Dont acte, la commission chargée d’envoyer le candidat français aux Oscars 2023 sera composée des réalisateurs Michel Gondry, nommé aux Oscars pour Eternal Sunshine Of The Spotless Mind, Jacques Audiard, en lice pour Un prophète, des producteurs Philippe Rousselet, vainqueur de plusieurs statuettes avec le remake de La Famille Bélier CODA et Didar Domehri (El Presidente). Ainsi que les exportateurs Hengameh Panahi et Grégoire Melin. La personnalité qualifiée sera Ariane Toscan du Plantier, directrice de la communication et du patrimoine chez Gaumont.

Leur mission sera délicate. Avec plus de 90 pays qui envoient un prétendant aux Oscars, les places sont chères. L’Académie américaine n’en présélectionne que neuf pour n’en nommer que cinq. Ces dernières années, la France n’a réussi à passer ce barrage qu’une fois sur deux ou trois. Présentés en 2022 et 2021, Titane et Deux sont ainsi restés sur le carreau de la présélection.

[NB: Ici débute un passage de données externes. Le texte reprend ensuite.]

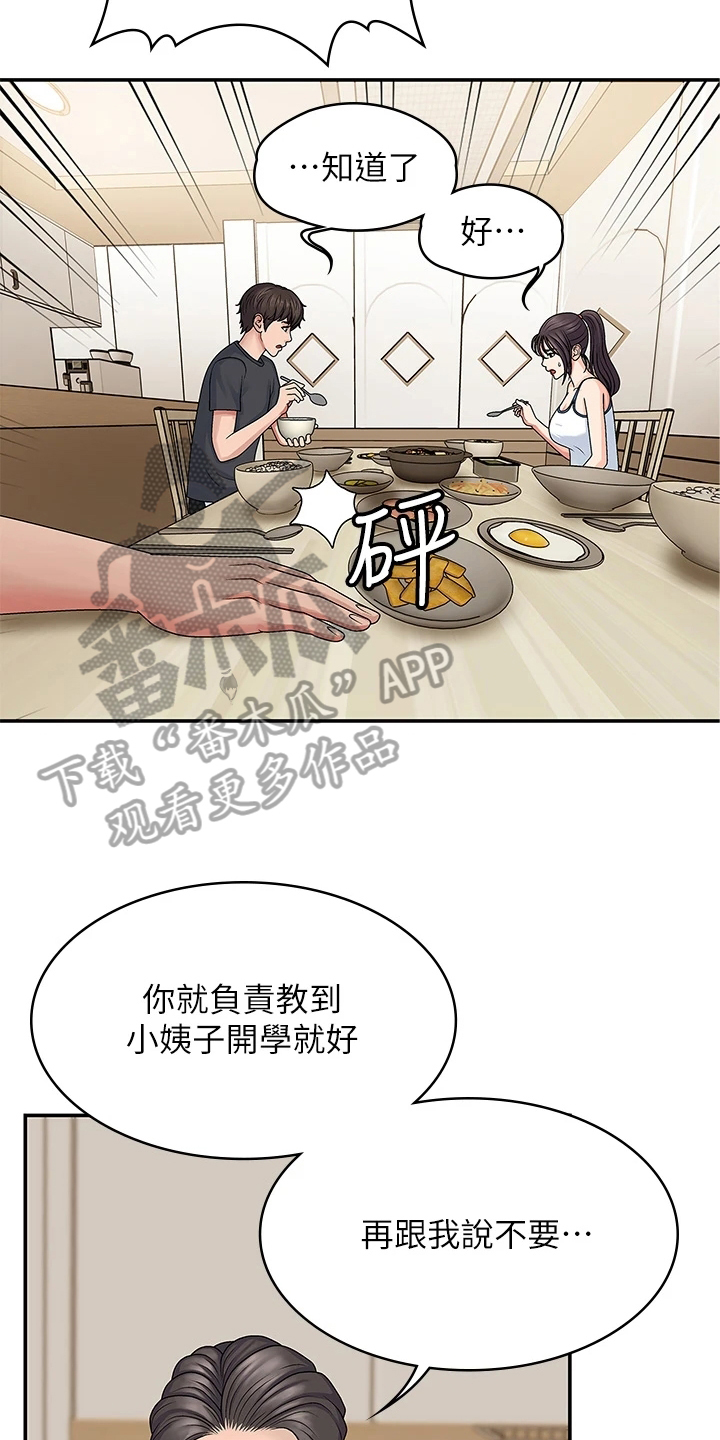 第5章：教导18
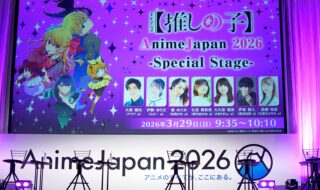【写真】【推しの子】AnimeJapan 2026 Special Stage (RED STAGE)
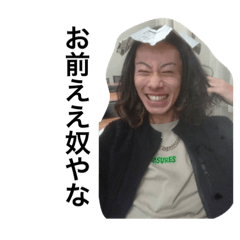 [LINEスタンプ] たかやまさとし2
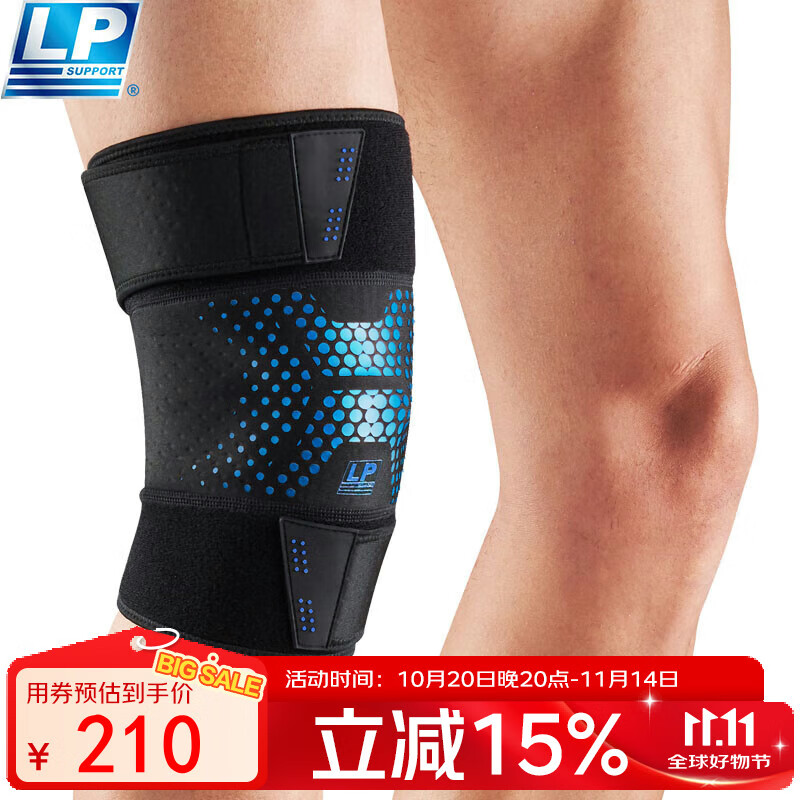 LP护膝运动男健身篮球装备跑步羽毛球护具登山膝关节CT72 均码 蓝色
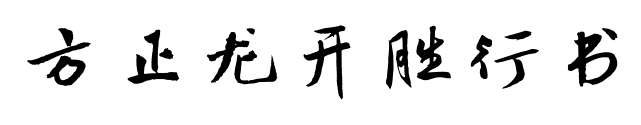 方正龍開(kāi)勝行書(shū)預(yù)覽圖片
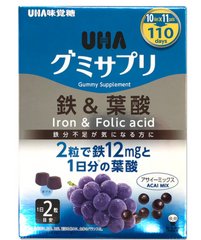 UHA 味觉糖 补铁补叶酸维生素 软糖 220粒缩略图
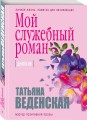 Мой служебный роман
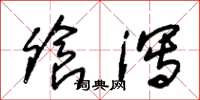 朱锡荣飧泻草书怎么写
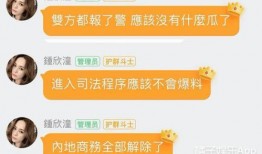 吃瓜娱乐号靠什么赚钱,如何凭借热点新闻赚取丰厚收益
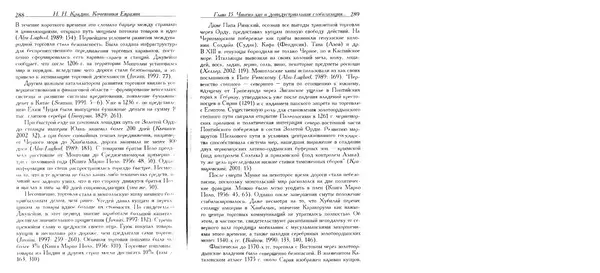 Николай Крадин - Кочевники Евразии - Страница № 146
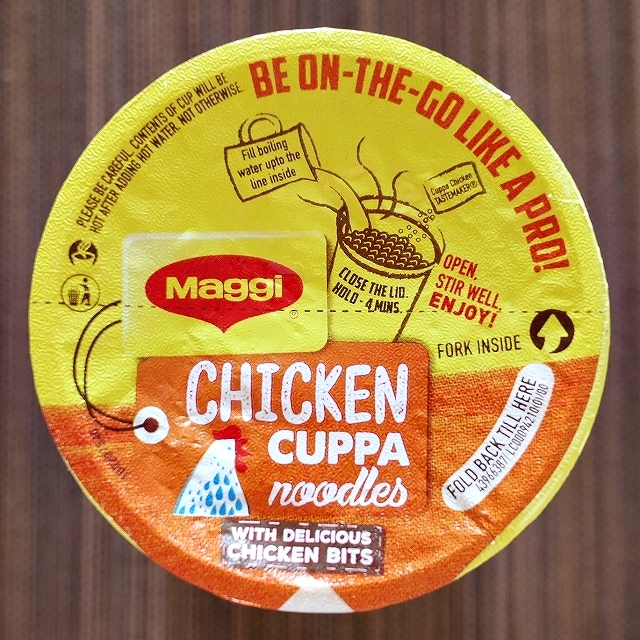 Maggi CHICKEN CUPPA noodles　マギー　チキンカッパヌードルの口コミ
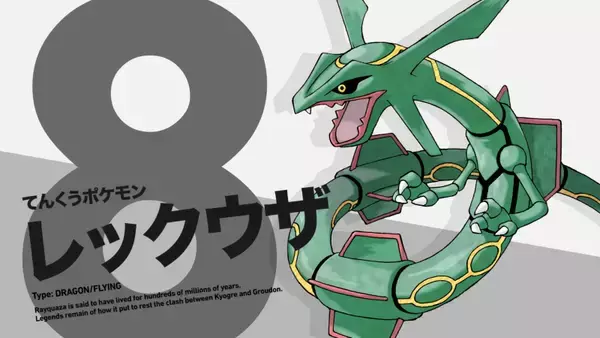 「投票企画「ポケモン・オブ・ザ・イヤー」結果発表！“ゲッコウガ”が890種類のポケモンの頂点に！」の画像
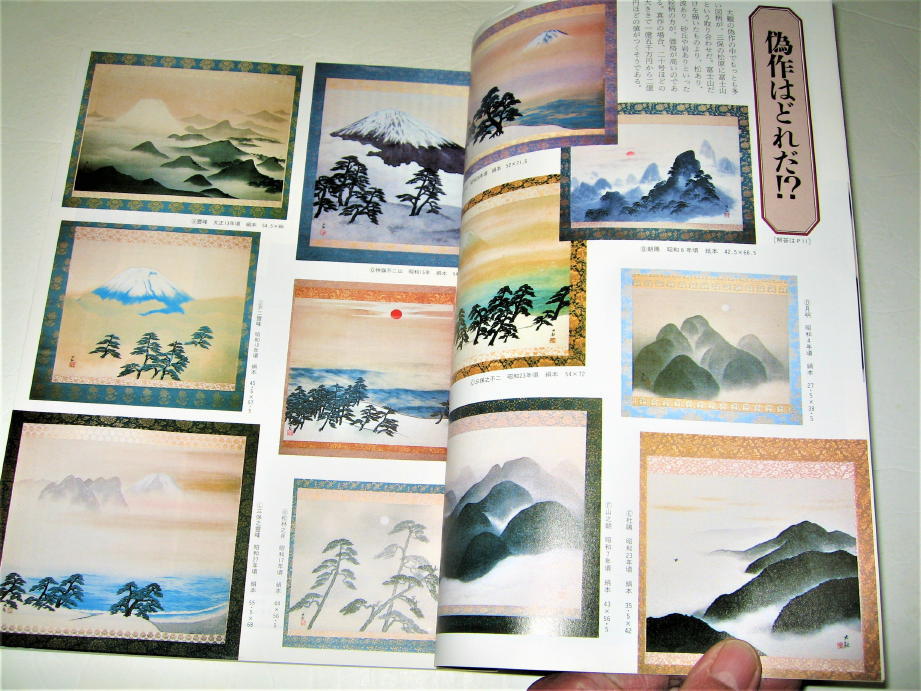 ◇【アート】芸術新潮・1988/12月号◇特集：天下のにせもの 実態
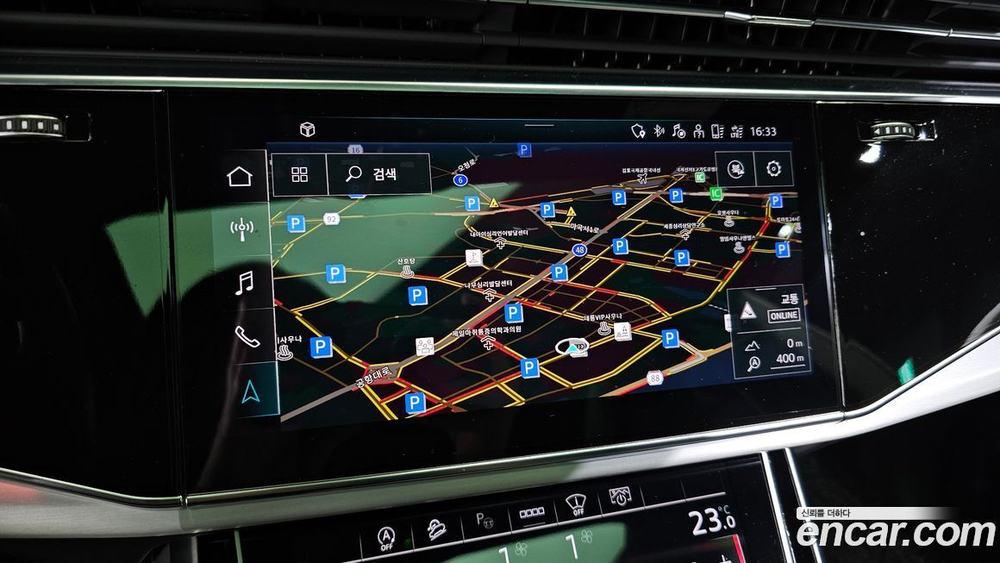 Audi Q8 50 TDI Quattro Premium (01.2022)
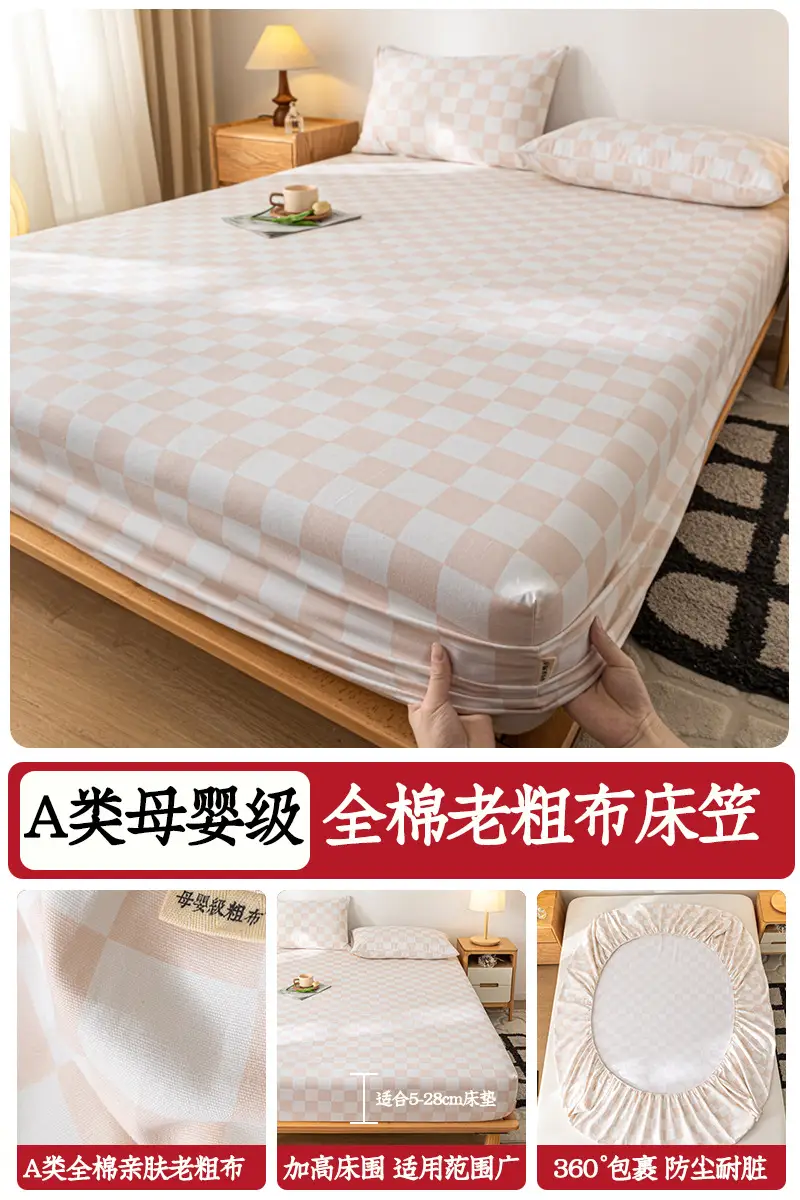 Class A Mother and Infant Grade Cotton Old Coarse Cloth Bed Cover Single-Piece Mattress Protective Cover Cotton Bed Cover Simmons Protective Cover Cover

Le dernier Oscar ramené en Hexagone remonte à 1993 pour Indochine. Cela n’a pas empêché plusieurs longs-métrages tricolores de briller aux Oscars. En lice dans les catégories «régulières», La Môme et The Artist ont vu leurs stars Marion Cotillard et Jean Dujardin primés. Retoqué à l’Oscar du meilleur film étranger, Persépolis de Marjane Satrapi a été nommé dans la catégorie meilleur film d’animation. Des coproductions comme Amour de Michael Haneke ont concouru dans la catégorie meilleur film international mais sous pavillon autrichien !

Pour certains familiers de la commission, il faudrait aussi que ses membres défendent des choix plus réalistes et aillent plus vers des œuvres grand public que d’auteur. Ils citent le succès critique et public des derniers lauréats de l’Oscar du film international Parasite et Drive My Car.

D’ailleurs, la commission du CNC change aussi ses critères de sélection. Les films souhaitant représenter la France aux Oscars devront déposer formellement leur candidature et donc être motivés et avoir un distributeur aux États-Unis. La commission n’aura plus à dresser des listes elle-même. Les formulaires devront être transmis d’ici au 1er septembre. Le 15 septembre, la commission établira une présélection de 3 à 5 films. Le 22 septembre, ses sept membres auditionneront les producteurs et exportateurs des films en question, avant de procéder au choix final. Le dossier de candidature du film désigné devra être transmis à l’Académie des Oscars avant le 3 octobre 2022.